残価設定型の自動車ローンとは?メリット・デメリットのまとめ
残価設定型の自動車ローンとは、下のようなものです。
- 「3~5年後、その車を売る」と、ディーラーと約束する
- その時の買取価格を、ディーラーと決める
- その買取価格の分を、車の価格から割引する
- その少ない金額だけを、毎月払っていく
- 期限が来たら車をディーラーに売って、新車に乗り換える
…という風です。さらに詳しく解説しましょう。
なぜ、3~5年後の買取価格がわかるのか?
これは「走行距離・状態」などを制限するからです。つまり「このくらい綺麗で、このくらい使わなかったら、この価格で買います」という約束をするんですね。
走行距離や状態さえ確定していれば、あとは「車種・年式・色」などのデータで、「3~5年後にこの価格になる」というのは、統計で出せるのです。それで、買取価格が決まるんですね。

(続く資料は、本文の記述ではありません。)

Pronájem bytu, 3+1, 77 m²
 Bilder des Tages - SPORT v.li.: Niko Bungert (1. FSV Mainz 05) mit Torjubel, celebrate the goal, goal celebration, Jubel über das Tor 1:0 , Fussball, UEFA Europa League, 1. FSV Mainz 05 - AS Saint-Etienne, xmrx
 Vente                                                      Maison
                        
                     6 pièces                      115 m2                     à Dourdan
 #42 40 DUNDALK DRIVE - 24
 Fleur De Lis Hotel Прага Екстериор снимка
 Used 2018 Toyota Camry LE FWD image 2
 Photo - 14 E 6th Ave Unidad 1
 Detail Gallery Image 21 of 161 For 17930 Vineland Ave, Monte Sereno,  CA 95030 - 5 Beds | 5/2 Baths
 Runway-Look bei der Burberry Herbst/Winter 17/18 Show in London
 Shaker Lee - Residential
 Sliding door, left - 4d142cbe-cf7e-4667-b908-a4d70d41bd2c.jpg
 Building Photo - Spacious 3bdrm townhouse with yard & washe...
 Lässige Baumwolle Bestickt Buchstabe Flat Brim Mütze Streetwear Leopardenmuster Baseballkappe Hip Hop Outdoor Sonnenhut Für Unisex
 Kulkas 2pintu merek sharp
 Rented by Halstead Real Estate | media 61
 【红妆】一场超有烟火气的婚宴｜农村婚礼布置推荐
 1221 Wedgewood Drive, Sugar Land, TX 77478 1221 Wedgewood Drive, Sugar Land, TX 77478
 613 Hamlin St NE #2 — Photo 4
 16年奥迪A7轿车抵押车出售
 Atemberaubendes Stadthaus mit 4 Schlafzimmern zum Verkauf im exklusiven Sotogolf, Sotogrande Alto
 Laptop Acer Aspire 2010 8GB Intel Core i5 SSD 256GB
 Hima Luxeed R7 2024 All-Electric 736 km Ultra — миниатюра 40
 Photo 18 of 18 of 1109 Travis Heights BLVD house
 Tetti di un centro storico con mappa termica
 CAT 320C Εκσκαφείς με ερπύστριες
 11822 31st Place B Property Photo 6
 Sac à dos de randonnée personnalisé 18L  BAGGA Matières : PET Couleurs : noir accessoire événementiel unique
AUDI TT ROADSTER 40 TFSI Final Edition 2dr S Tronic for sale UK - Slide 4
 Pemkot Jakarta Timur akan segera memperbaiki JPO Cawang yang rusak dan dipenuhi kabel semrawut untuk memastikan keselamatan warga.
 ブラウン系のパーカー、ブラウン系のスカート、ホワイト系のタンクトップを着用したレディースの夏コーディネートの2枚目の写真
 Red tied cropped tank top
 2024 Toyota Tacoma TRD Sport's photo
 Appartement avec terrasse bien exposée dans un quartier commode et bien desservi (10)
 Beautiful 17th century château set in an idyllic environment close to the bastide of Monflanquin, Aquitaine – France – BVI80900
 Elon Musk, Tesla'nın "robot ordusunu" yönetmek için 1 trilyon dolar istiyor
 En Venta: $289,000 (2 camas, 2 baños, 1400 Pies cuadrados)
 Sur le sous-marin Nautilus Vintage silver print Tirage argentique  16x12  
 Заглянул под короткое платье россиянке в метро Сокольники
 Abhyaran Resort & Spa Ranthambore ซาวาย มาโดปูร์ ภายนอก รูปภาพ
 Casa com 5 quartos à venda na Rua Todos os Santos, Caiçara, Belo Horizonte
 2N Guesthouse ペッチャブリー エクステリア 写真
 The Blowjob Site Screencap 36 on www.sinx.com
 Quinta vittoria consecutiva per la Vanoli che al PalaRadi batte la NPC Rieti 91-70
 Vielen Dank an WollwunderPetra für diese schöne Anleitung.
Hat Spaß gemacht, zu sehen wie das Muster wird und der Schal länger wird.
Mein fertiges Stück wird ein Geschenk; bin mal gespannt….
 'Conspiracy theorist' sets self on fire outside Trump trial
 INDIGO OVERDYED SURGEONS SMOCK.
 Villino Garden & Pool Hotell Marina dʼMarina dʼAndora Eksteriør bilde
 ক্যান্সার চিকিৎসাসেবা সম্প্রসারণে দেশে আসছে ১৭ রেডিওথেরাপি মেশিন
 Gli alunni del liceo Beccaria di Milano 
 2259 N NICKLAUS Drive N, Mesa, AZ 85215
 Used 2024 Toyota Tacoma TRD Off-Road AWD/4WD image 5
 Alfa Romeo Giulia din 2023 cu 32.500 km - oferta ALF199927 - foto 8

当然、この走行距離をオーバーしたり、状態を悪くしたり、あまつさえカスタマイズしたりしたら、買取価格は当然変わります。契約全体が変更になるので、こうしたことは、残価設定型ではしてはいけません。
「買取価格を割引する」というのはどういうことか?
たとえば、下のような条件としましょう。
- 300万円の新車を買う
- その車は、3年後でも「100万円」の価値がある
この条件の場合、残価設定型は下のようになります。
- ディーラーは、300万円の車を「200万円」で売る
- つまり「100万円割引」する
- そして、3年後に車を回収する
- その時、100万円は払わない(最初に割引したから)
…という流れです。では、これは消費者(買い手)にとって、どんなメリットがあるのでしょうか。
「借金総額200万円」になるので、利息が安い
当然の質問ですが、下の二つのどちらが低利息になるでしょう。
- 300万円の借金
- 200万円の借金
言うまでもなく「200万円」の方ですね。借金が少ないのだから、利息も当然少なくなります。ということは「月々の支払いも少ない」ということです。
「どうせ3年くらいで飽きるんだから、最初から元金をこうやって減らして、毎月の利息を少なくしよう」というのが、残価設定型の発想なんですね。
「3年で飽きなかった場合」は?
この場合は、「手渡さずに買い取る」ことになります。先に書いた例でいうなら「100万円が、ディーラーに人質になっている状態」なので、その100万円を払います。
そして、200万円の返済はまだ続いているので、今までどおりこの200万円を返済していきます(3年間で、200万円からだいぶ減っているはずですが)。
というように、残価設定型の自動車ローンでも、気に入ったらその車を買って、そのまま乗ることができます。ただし、いろいろ手続きをしている分、ディーラーとしてもコストがかかっています。
そのため、そのコストは車の代金に上乗せされています。「最初から普通に買う」よりも、「残価設定型で、途中で買う」方が、トータルの支払い額は多くなります。
(例外もありますが、大抵多くなります)
ということで「途中で車を気に入ってしまいそうな人は、残価設定型は損をする」可能性が高いわけです。逆に、
- 特定の車を気に入ることなどない
- 仮に気に入っても、別に買い取ろうとか思わない
…という淡白な人の場合、残価設定型のこのデメリットは、ないと言えるでしょう。
残価設定型の他のメリット・一覧
ここであらためて、残価設定型のメリットを一覧にします。
- 利息が安くなる
- 車検の費用がかからない(3年乗り換えの場合)
- 3~5年ごとに新車に乗り換えできる
続いて、デメリットは下の通りです。
- 気に入った時、買い取ると割高になる
- ディーラーが所有権を持っている(自分でなく)
- 走行距離が制限される
- 状態を一定レベルで維持しないといけない
- 改造・カスタマイズができない
…という風です。
まとめ ~残価設定型は、どんな人におすすめ?~
最後に残価設定型の自動車ローンは、どんな人におすすめかまとめます。
- 安く車に乗りたい人
- 特定の車にこだわらない人
- 3~5年後に、ライフスタイルが変わっている可能性が高い人
- 改造・カスタマイズに興味がない人
- あまり車に乗らず、事故も起こさない人
…という人です。一言でいうと「車にこだわりがない人」ですね。これは残価設定型だけでなく、リース契約やカーシェアリングでも言えることです。
最近は特に若い人を中心に「特に車に興味がない」という人が増えています。今後は残価設定型も、さらに盛んになっていくかも知れません。